Los judíos hablaban con orgullo de la Ley de Moisés. Según la
tradición, Dios mismo la había regalado a su pueblo. Era lo mejor que habían
recibido de él. En esa Ley se encierra la voluntad del único Dios verdadero.
Ahí pueden encontrar todo lo que necesitan para ser fieles a Dios.
También para Jesús la
Ley es importante, pero ya no ocupa el lugar central. Él vive
y comunica otra experiencia: está llegando el reino de Dios; el Padre está
buscando abrirse camino entre nosotros para hacer un mundo más humano. No basta
quedarnos con cumplir la Ley
de Moisés. Es necesario abrirnos al Padre y colaborar con él en hacer una vida
más justa y fraterna.
Por eso, según Jesús, no basta cumplir la ley que ordena “No
matarás”. Es necesario, además, arrancar de nuestra vida la agresividad, el
desprecio al otro, los insultos o las venganzas. Aquel que no mata, cumple la
ley, pero si no se libera de la violencia, en su corazón no reina todavía ese
Dios que busca construir con nosotros una vida más humana.
Según algunos observadores, se está extendiendo en la
sociedad actual un lenguaje que refleja el crecimiento de la agresividad. Cada
vez son más frecuentes los insultos ofensivos proferidos solo para humillar,
despreciar y herir. Palabras nacidas del rechazo, el resentimiento, el odio o
la venganza.
Por otra parte, las conversaciones están a menudo tejidas de
palabras injustas que reparten condenas y siembran sospechas. Palabras dichas
sin amor y sin respeto, que envenenan la convivencia y hacen daño. Palabras
nacidas casi siempre de la irritación, la mezquindad o la bajeza.
No es este un hecho que se da solo en la convivencia social.
Es también un grave problema en la
Iglesia actual. El Papa Francisco sufre al ver divisiones,
conflictos y enfrentamientos de “cristianos en guerra contra otros cristianos”.
Es un estado de cosas tan contrario al Evangelio que ha sentido la necesidad de
dirigirnos una llamada urgente: “No a la guerra entre nosotros”.
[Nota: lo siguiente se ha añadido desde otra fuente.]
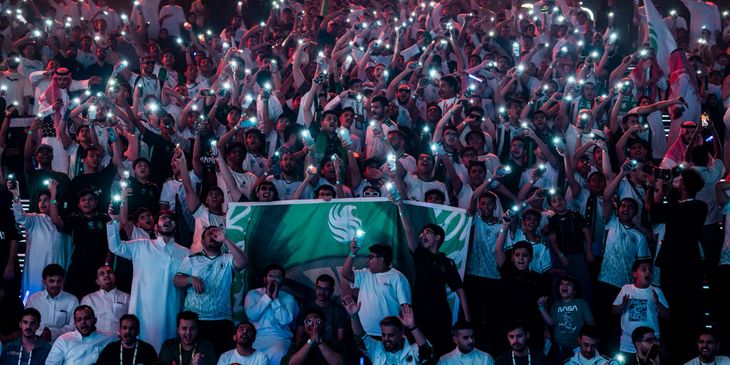 Цензура, фаворитизм Team Falcons и без воды в жару — болельщики на Esports World Cup 2025 пожаловались на проблемы турнира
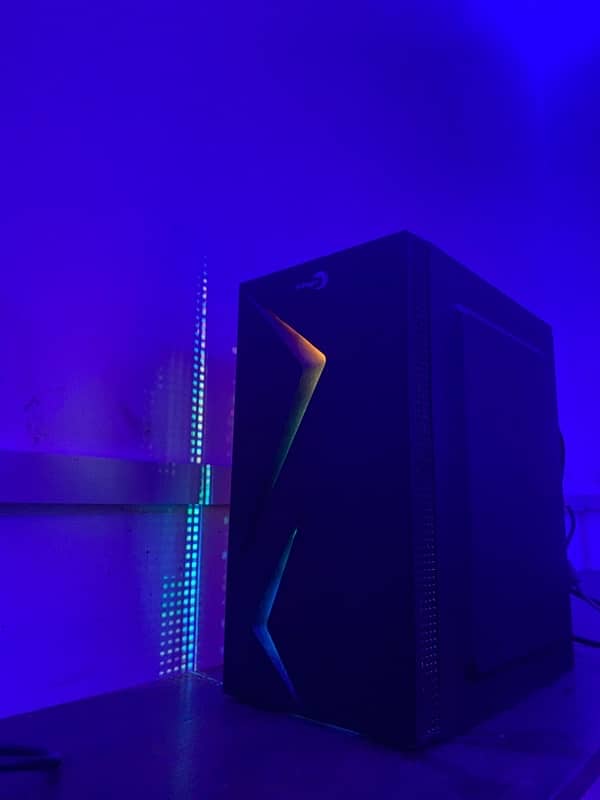 Gaming pc complete set up and monitor with rx 970 4gb 2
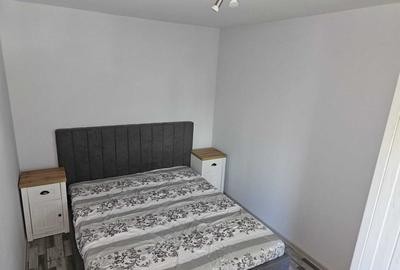 Apartament cu 2 camere semidecomandat, mobilat în Tomis Nord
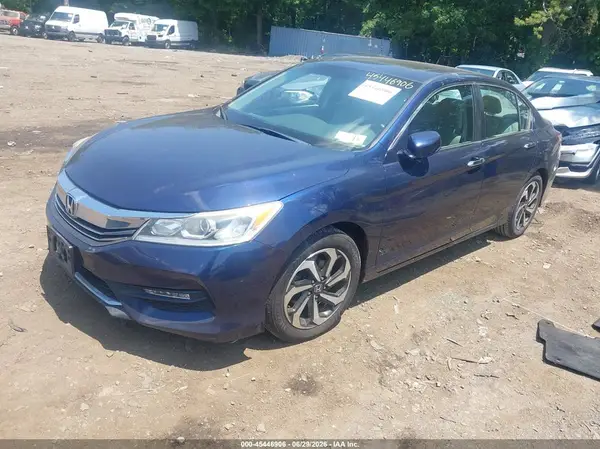 1HGCR2F83HA054976 2017 HONDA ACCORD - Image 2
Así habla el Papa: “Me duele comprobar cómo en algunas
comunidades cristianas, y aún entre personas consagradas, consentimos diversas
formas de odios, calumnias, difamaciones, venganzas, celos, deseos de imponer
las propias ideas a costa de cualquier cosa, y hasta persecuciones que parecen
una implacable caza de brujas. ¿A quién vamos a evangelizar con esos comportamientos?”.
El Papa quiere trabajar por una Iglesia en la que “todos puedan admirar cómo os
cuidáis unos a otros, cómo os dais aliento mutuamente y cómo os acompañáis”.